Data records
§

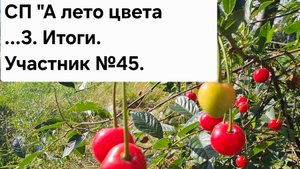 СП "А лето цвета...3. Итоги.  Участник №45.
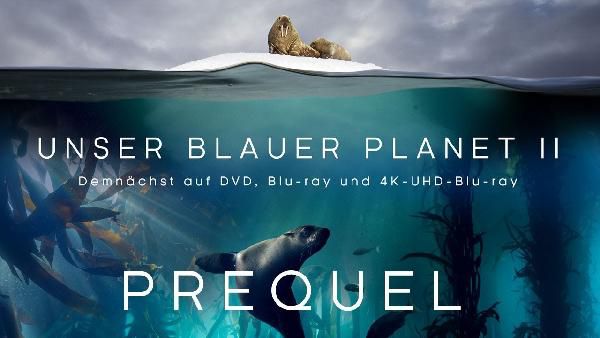 Kostenlos: Doku Kostenlos: Doku BLUE PLANET 2 Der blaue Planet (IMDb 9,3)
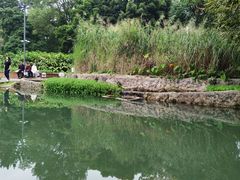 -成都市活水公园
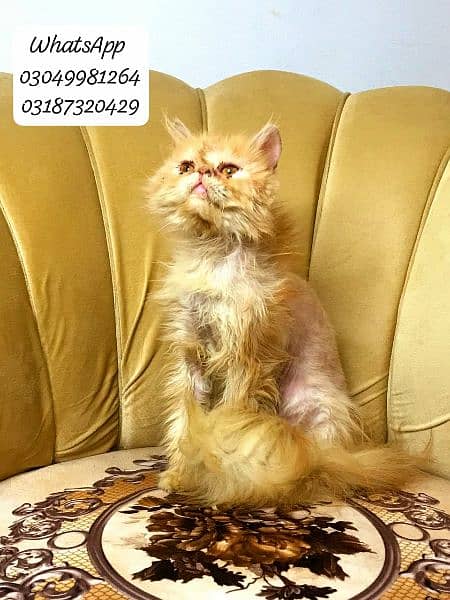 pure persian peke face male cat  from cfa peke bloodline 1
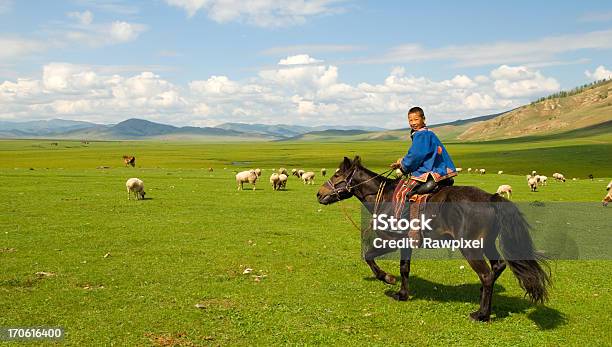 Mongolia - Fotografie stock e altre immagini di Mongolia - Mongolia, Cultura nomade, Cavallo - Equino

§

Your objective
Output every record exactly, minus the pictures.

Finished task
 СП "А лето цвета...3. Итоги.  Участник №45.
 Kostenlos: Doku Kostenlos: Doku BLUE PLANET 2 Der blaue Planet (IMDb 9,3)
 -成都市活水公园
 pure persian peke face male cat  from cfa peke bloodline 1
 Mongolia - Fotografie stock e altre immagini di Mongolia - Mongolia, Cultura nomade, Cavallo - Equino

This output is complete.